Dataset records:

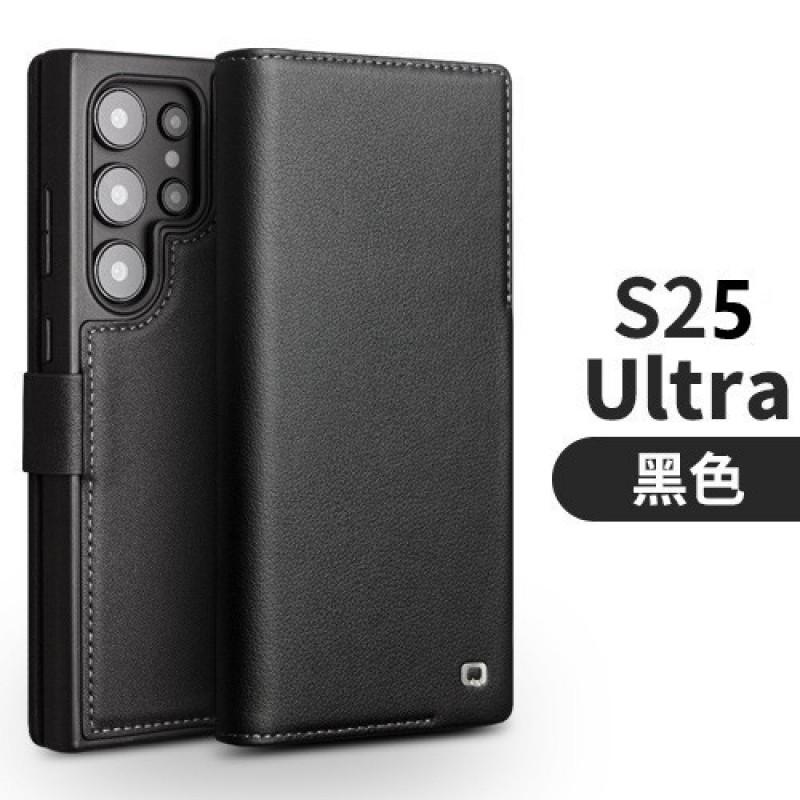 Leather Flip Case Galaxy S24 Ultra S22 S25U - Shockproof Full Protection Business Cover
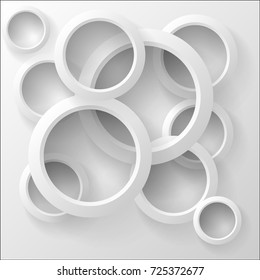 Vektorillustration-Illustration eines abstrakten geometrischen Hintergrunds, bestehend aus Schnittformen, Infografiken.3D-Render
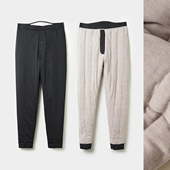 冬款 男士 弹力打底棉裤 加绒裤 加厚保暖裤 680g一条过冬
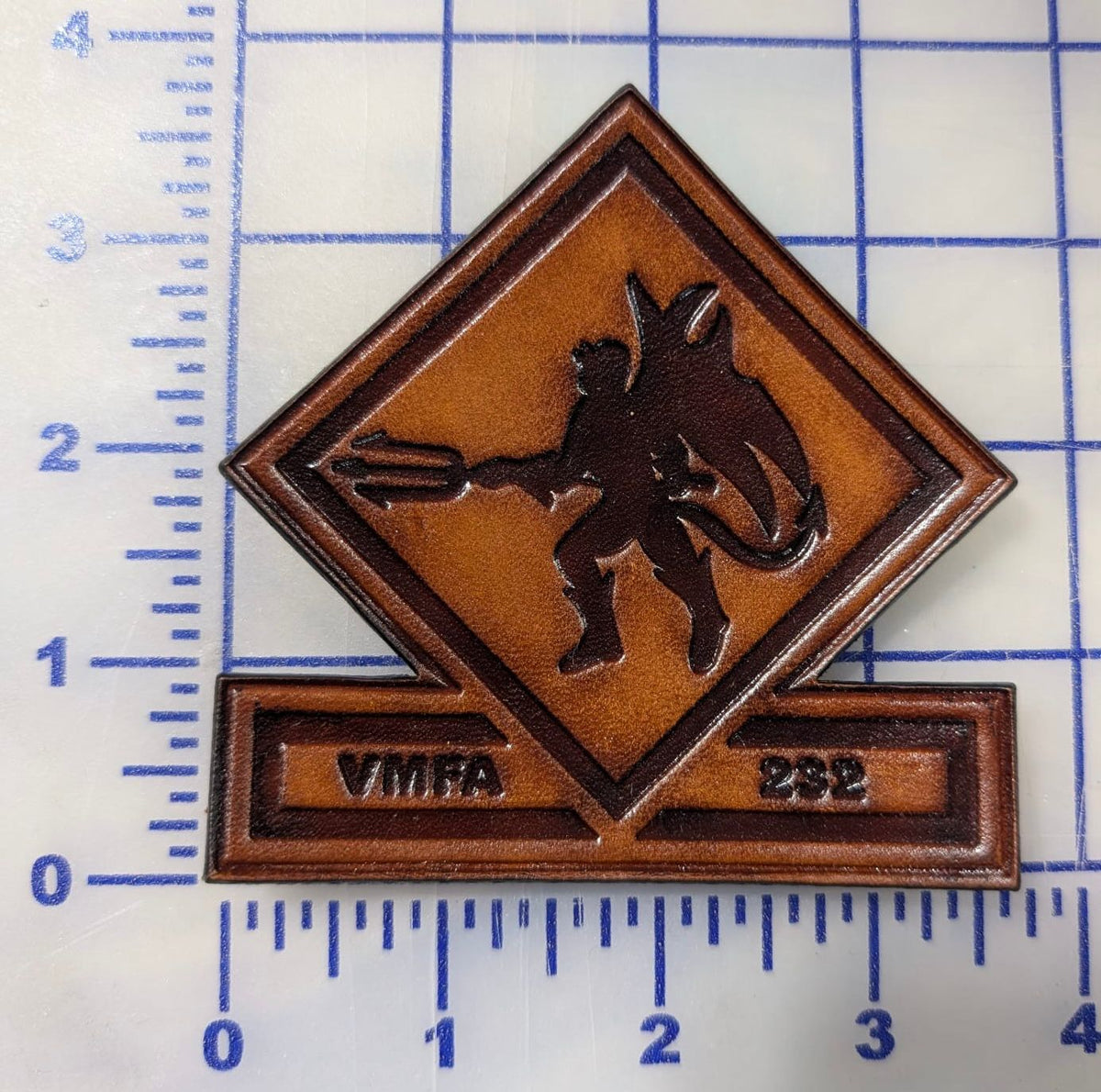 Officially Licensed USMC VMFA-232 Red Devils Leather Chest Patch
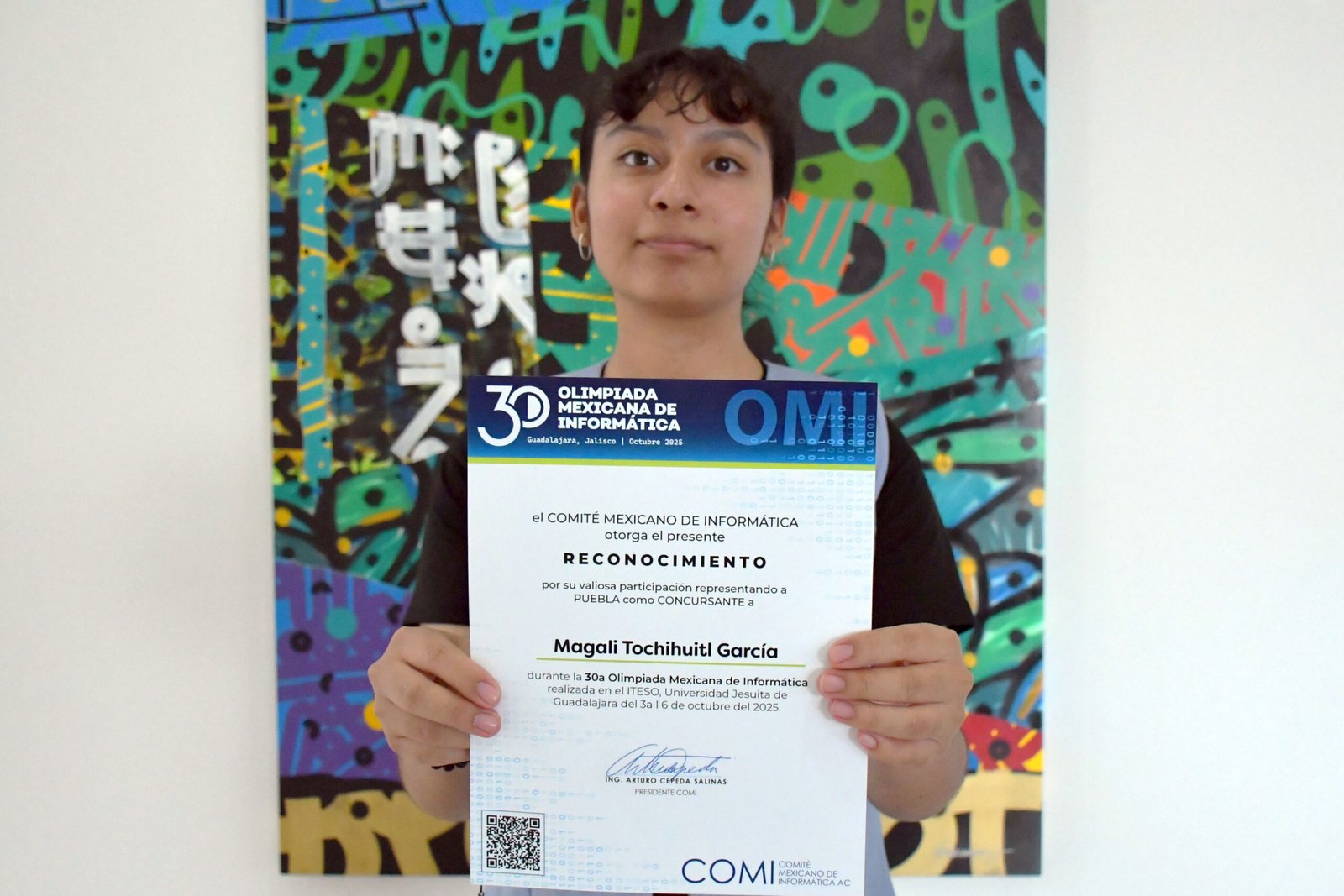 Alumna BUAP representa a México en la Olimpiada Europea de Informática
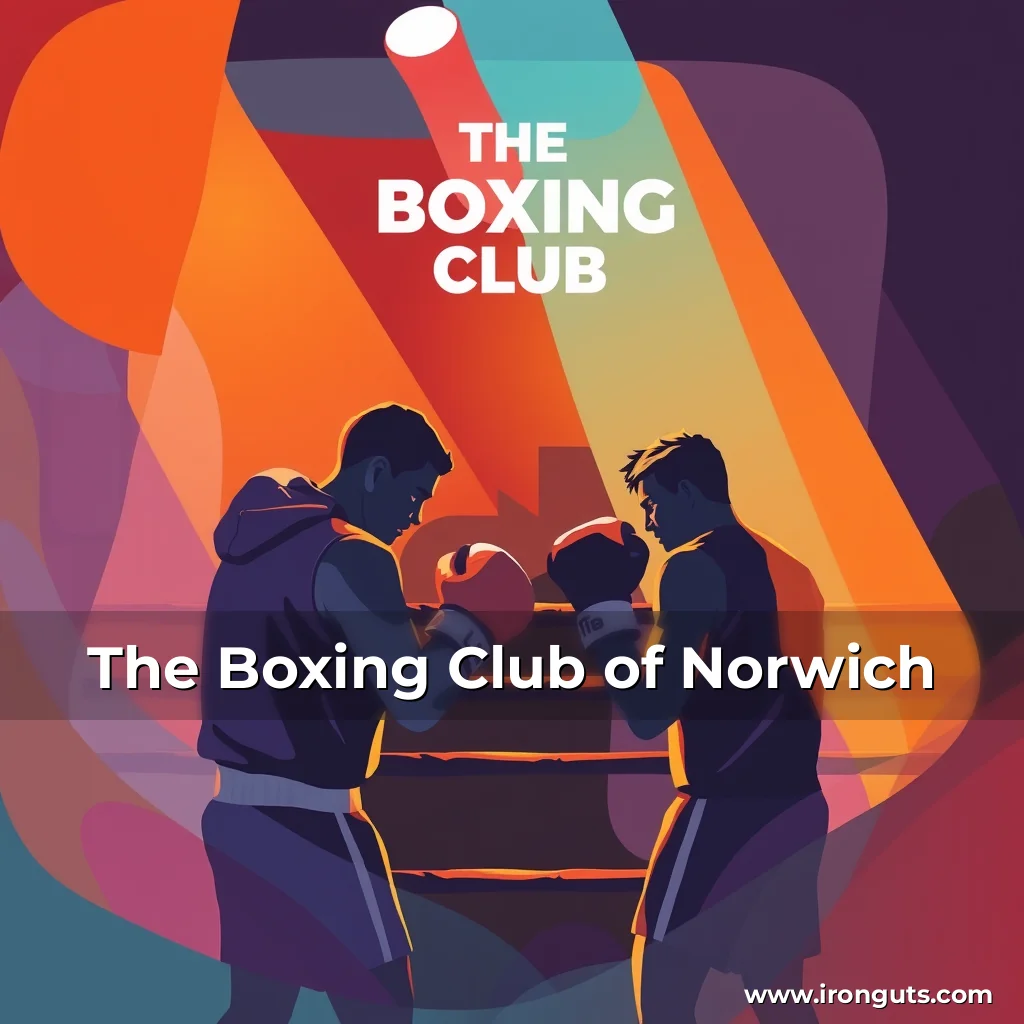 Artistic representation for The Boxing Club of Norwich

→ **Task objective**: Write out exactly the lines from the one containing "Vektorillustration-Illustration eines abstrakten" through the end of the records above, both included, leaving all pictures out.

→ **Solved problem**:
 Vektorillustration-Illustration eines abstrakten geometrischen Hintergrunds, bestehend aus Schnittformen, Infografiken.3D-Render
 冬款 男士 弹力打底棉裤 加绒裤 加厚保暖裤 680g一条过冬
 Officially Licensed USMC VMFA-232 Red Devils Leather Chest Patch
 Alumna BUAP representa a México en la Olimpiada Europea de Informática
 Artistic representation for The Boxing Club of Norwich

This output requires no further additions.